Esprimersi sulle differenze dei vissuti provati dagli operatori ospedalieri che in queste settimane sono confrontati con la cura dei pazienti affetti da Covid-19 è probabilmente prematuro in quanto, dal nostro osservatorio è emersa l’urgenza dell’operatività e del mantenimento di routine lavorative. Si sono rilevate infatti poche richieste specifiche e tale dato era in qualche modo prevedibile, in accordo anche con le linee guida internazionali. Tale dato può essere interpretato secondo vari fattori:lo stato di emergenza acuto; la gestione efficace dell’emergenza da parte del sistema sanitario, la presenza di risorse interne (area di supporto eoc, iniziative individuali) e la necessità di rispondere a bisogni primari e messa in atto di difese mentali che non richiedono nell’urgenza intervento psicologico. Tuttavia possiamo ipotizzare un aumento di richieste specifiche, sia rispetto a una seconda fase della diffusione epidemica, sia in concomitanza di un calo della pressione sugli operatori sanitari. Una riflessione analoga potrebbe essere trasposta sugli operatori della Case per Anziani che, sebbene abituati e formati ad accompagnare i loro ospiti nell’ultima parte di vita, in relazione al Covid-19 sono stati testimoni di un importante aumento dei decessi in un breve lasso di tempo. Ovviamente questo discorso non è generalizzabile a tutte le strutture territoriali, ma ha aperto interrogativi circa fragilità psichiche e organizzative negli operatori e su tale aspetto abbiamo cercato di dare il nostro contributo in termini di supporto e sostegno emotivo.
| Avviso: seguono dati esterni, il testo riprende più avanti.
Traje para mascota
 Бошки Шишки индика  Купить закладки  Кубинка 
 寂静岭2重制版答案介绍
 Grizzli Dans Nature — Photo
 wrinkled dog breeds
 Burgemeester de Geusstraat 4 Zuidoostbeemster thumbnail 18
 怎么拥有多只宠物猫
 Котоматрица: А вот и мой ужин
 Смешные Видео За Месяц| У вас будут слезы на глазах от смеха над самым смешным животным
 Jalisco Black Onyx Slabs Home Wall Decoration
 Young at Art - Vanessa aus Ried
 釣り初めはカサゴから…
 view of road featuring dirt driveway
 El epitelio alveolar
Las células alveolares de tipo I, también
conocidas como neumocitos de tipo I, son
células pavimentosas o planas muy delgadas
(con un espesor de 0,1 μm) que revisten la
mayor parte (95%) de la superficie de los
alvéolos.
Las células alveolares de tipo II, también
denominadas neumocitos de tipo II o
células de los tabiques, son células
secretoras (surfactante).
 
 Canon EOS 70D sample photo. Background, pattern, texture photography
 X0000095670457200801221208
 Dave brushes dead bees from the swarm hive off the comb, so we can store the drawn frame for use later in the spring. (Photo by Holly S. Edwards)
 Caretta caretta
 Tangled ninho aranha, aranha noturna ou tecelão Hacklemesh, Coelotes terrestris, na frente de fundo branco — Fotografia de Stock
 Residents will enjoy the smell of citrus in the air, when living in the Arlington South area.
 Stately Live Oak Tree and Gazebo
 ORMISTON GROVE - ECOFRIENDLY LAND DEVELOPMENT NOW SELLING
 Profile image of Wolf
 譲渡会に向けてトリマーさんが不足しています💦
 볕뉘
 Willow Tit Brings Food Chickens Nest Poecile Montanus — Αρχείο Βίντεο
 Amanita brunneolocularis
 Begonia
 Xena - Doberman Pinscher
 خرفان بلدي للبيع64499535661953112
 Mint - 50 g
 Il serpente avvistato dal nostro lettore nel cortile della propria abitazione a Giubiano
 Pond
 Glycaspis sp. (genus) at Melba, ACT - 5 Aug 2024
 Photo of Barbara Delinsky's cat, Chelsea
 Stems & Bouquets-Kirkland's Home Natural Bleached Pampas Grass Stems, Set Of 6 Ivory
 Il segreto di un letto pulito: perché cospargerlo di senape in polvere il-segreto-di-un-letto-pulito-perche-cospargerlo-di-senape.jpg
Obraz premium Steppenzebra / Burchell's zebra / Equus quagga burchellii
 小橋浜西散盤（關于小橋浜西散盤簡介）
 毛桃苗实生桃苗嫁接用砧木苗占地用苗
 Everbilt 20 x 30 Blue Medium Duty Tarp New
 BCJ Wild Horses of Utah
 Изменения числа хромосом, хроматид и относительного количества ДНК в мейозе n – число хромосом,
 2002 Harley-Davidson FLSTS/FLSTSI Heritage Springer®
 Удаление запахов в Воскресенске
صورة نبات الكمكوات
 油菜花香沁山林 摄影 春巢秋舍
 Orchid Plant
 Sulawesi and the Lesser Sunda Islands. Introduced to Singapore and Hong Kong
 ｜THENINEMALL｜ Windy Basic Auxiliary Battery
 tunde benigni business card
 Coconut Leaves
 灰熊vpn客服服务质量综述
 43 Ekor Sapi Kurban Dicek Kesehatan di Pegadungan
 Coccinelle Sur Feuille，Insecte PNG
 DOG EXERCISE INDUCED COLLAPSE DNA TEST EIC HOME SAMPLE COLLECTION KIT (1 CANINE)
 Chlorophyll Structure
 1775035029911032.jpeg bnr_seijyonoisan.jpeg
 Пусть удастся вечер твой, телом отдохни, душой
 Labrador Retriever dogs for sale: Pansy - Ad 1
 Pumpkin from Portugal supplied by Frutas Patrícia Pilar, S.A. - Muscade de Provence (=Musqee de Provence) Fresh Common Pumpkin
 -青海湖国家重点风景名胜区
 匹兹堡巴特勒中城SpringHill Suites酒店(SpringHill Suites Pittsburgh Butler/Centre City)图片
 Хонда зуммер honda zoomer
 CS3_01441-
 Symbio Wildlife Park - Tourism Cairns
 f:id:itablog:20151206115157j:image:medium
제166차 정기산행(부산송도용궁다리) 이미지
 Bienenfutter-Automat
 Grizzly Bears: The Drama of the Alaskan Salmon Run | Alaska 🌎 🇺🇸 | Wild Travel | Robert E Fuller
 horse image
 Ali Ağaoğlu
I risultati delle vostre osservazioni e dei vostri colloqui confluisce in qualche progetto di ricerca o viene condiviso, magari con analoghi gruppi di lavoro attivi in altre regioni?
In tale fase anche noi abbiamo risentito della pressione dell’operatività e non sono stati elaborati progetti di ricerca specifici. Tale argomento è stato tuttavia dibattuto all’interno del nostro gruppo di lavoro e si sono ipotizzate alcune riflessioni che dovranno essere ulteriormente approfondite. È rimasto invece attivo un costruttivo dialogo e scambio di informazioni con i colleghi territoriali attigui al Canton Ticino, nello specifico confronti con professionisti attivi nel Canton VD, con la Società di Psicologia della Salute, con il Servizio di psichiatria di liaison del CHUV, confronti con la realtà della Lombardia, convegni e linee guida dell’OMS e raccolta informale di dati locali.

 

C'è qualcosa che personalmente avrebbe voglia di condividere con noi, qualcosa che l'ha particolarmente colpita, in questo periodo e che le sembra significativo, per fare in modo che i lettori si immedesimino nel ruolo di chi ascolta questi problemi?
In questo periodo ho in mente tante immagini e tante parole delle persone che ho incontrato. L’aspetto più evidente, è sicuramente quello della fatica, della sofferenza e della fragilità che ha amplificato una serie di vissuti spiacevoli portando tante persone a non più riconoscersi, rispecchiate nei loro limiti. Tuttavia, la specificità della nostra professione è quella di ricercare i fiori nel deserto, se mi passa l’immagine e quindi ci dovremmo tutti riorientare anche verso altri aspetti che attualmente ci sembrano messi in ombra. In concreto mi riferisco alle diverse iniziative di solidarietà che si sono manifestate e concretizzate a più livelli all’interno della nostra comunità. La solidarietà ha permesso di moderare gli atteggiamenti individualistici/narcisistici in cui ci eravamo rintanati e ha ingenerato diversi percorsi interiori di cambiamento di credenze e di abitudini, al momento personali, ma l’auspicio è che possano essere promossi all’interno della collettività. Questo processo di riflessione individuale, di cui rilevo i germogli, è nutrito anche dalla speranza e per me è assolutamente importante che questo valore permanga nei cuori di tutti.